En prononçant cette phrase, il avait peut-être à l'esprit un article de Michel Charles qui venait également de paraître, dans le n°164 de la revue Poétique. Michel Charles y commente en effet la «formule», qu'il estime «juste», «selon laquelle, dans la polémique, on en arrive à se demander si l'on a bien lu le même texte». Ce qu'on a coutume de considérer comme différentes lectures d'un même texte, d'un texte donné, gagnerait, selon Michel Charles, à être considéré comme une «pluralisation» ou une «multiplication» du texte. À partir d'un même matériau, différentes lectures, différents commentaires, construisent des textes différents par des opérations de «sélection», de «combinaison» et de «mises en relief».


Implications et échos hyperconstructivistes.

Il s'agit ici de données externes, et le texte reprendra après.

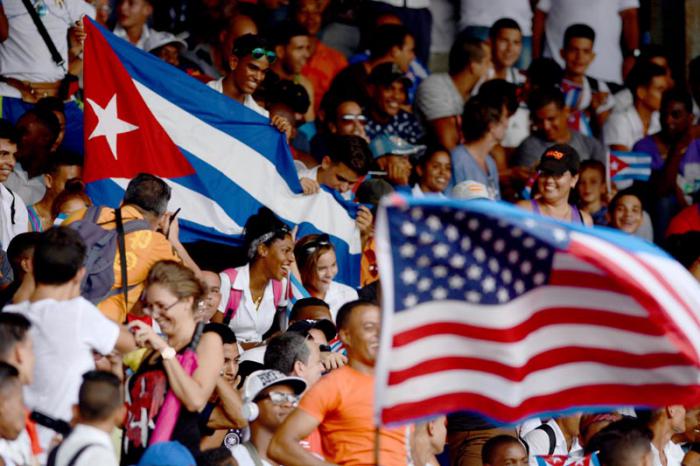 Futbol-Cuba vs EEUU juego amistoso, Ganado por los N Americanos 2 x 0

 Affirmer que le commentaire construit son objet et que deux commentateurs qui ne s'accordent pas n'ont en fait pas «lu le même texte» peut s'entendre de deux manières. Dans la perspective d'un constructivisme modéré, on met l'accent sur l'interaction du texte et du lecteur. Dans la perspective d'un constructivisme radical, par contre, à la manière de Stanley Fish dans une série d'articles initialement parus en 1980 et récemment traduits en français sous le titre, Quand lire c'est faire, on minore l'idée d'une interaction et on met l'accent sur la part active du lecteur ou du commentateur (qui peut toutefois se voir condamné à n'être que la voix d'une classe, d'une communauté, d'une épistémé ou d'une époque à laquelle il «appartient» et qui le détermine). Ce sont les lecteurs qui produisent les textes, qui les «font», dit Stanley Fish, qui oppose par ailleurs deux modèles d'activité critique: une critique régie par un objet autonome, d'une part, et une critique constitutive de son objet, d'autre part. En ce qui concerne les études littéraires, Stanley Fish ne semble pas croire au premier modèle – celui de la démonstration qui se fonde sur une conception de la vérité comme correspondance à un objet préexistant au savoir  –; il défend le second modèle, qui est celui de la persuasion.

Face au constructivisme radical d'un Stanley Fish, on peut bien sûr se poser la question de l'incidence de la théorie sur la pratique, de la métacritique sur la critique. Comme l'avait souligné Florian Pennanech lors de la journée d'étude sur la théorie des textes possibles qui avait conclu le séminaire l'année dernière, les théoriciens et les commentateurs qui brandissent des slogans hyperconstructivistes, proclamant l'inexistence du texte, ne se débarassent pas si facilement de conceptions et de pratiques textualistes. D'un côté, on répète à l'envi la formule de Jacques Petit – «le texte n'existe pas» –, mais d'un autre côté, on ne cesse de concéder, en théorie ou en pratique, qu'en fait si, bien sûr, le texte existe bien avant d'être lu ou commenté et que le lecteur n'est pas son seul producteur.


Vers un constructivisme modéré.

Rares sont peut-être finalement ceux qu'une épistémologie constructiviste – qui souligne que le savoir construit son objet – conduit à des pratiques radicalement différentes de celles de leurs collègues qui croient à l'existence du texte; rares, en tout cas, sont les critiques qui défendent un constructivisme radical.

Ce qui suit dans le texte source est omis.